# Rugby - 6 Nations ?



## WHIZZER (Oct 25, 2005)

Always a good watch the 6 nations - Some Good rugby over the last weekend ? 

Who do you think will Win ?


----------



## cossiecol (Jun 29, 2014)

My money would be on Ireland. Scotland need to up their game a bit still.


----------



## Will_G (Jan 23, 2012)

Agree, disappointing start from Scotland given the World Cup. It may just be expectations are high from that but we should be doing better.


----------



## RealR0cknr0lla (Jan 17, 2016)

Ireland but hopefully England will push them close


----------



## justina3 (Jan 11, 2008)

Wales Wales Wales, did i mention i am welsh ? I love the six nations its the only event i attend these days the crowd is amazing such a buzz, got my tickets safe and sound for Scotland this weekend in Cardiff.


----------



## WHIZZER (Oct 25, 2005)

Who is going to Win this Weekend 

England v Ireland

Italy V Scotland 

Wales V France


----------



## justina3 (Jan 11, 2008)

Wales to beat France but going to be an all out war
Scotland to beat Italy by the smallest of margins 
England to beat Ireland as the irish seem to have left there a game back over the water


----------



## justina3 (Jan 11, 2008)

well my first call was right so lets see what today brings


2 for 2 i should have put money on this lol


----------



## WHIZZER (Oct 25, 2005)

Interesting weekend for the Rugby - England V Wales ....


----------



## justina3 (Jan 11, 2008)

WHIZZER said:


> Interesting weekend for the Rugby - England V Wales ....


amen to that, i just hope its a good game so much hype but often when you have to similar skill level teams the game can be a bit flat.
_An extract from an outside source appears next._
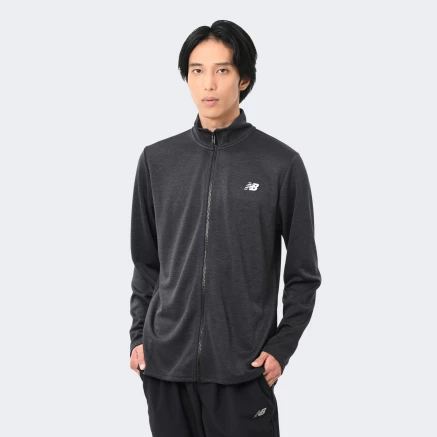 Кофта New Balance Sport Knit Jacket - 187070 Кофта New Balance Sport Knit Jacket - 187070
but couldnt have asked for a better game shame its over the bridge from me.


----------



## Clancy (Jul 21, 2013)

It's my birthday on Saturday, England v Wales then Chelsea in the cup. Ideal :thumb:


----------



## Deniance (Jun 28, 2008)

My heart wales, my £20 england chelsea double!


----------



## mattr8700 (Jan 17, 2016)

Fingers crossed for another England win. It's going to be tough though.


----------



## Shug (Jul 13, 2007)

Scotland are favourites with the bookies against France.
So, a tenner on France to win it is! (win win situation, right?  )


----------



## mattr8700 (Jan 17, 2016)

Well that got my heart rate going! England were so close to throwing it away then!


----------



## Shug (Jul 13, 2007)

Today's lessons so far:
Italy badly need to look at their setup. A new coach is coming but its gonna take more than that. 
Scotland still can't defend a driving maul, still make the random crazy decision and Ireland show how good they are at playing the ref even when they are having a poor tournament. 
Wish I understood the rational between whether a penalty is given for collapsing a maul or not. Clearly Ireland do and Scotland don't.


----------



## James_R (Jun 28, 2007)

Get in lads 

Grand Slam 6 Nations winners :thumb:


----------



## uruk hai (Apr 5, 2009)

Well done England, good result.


----------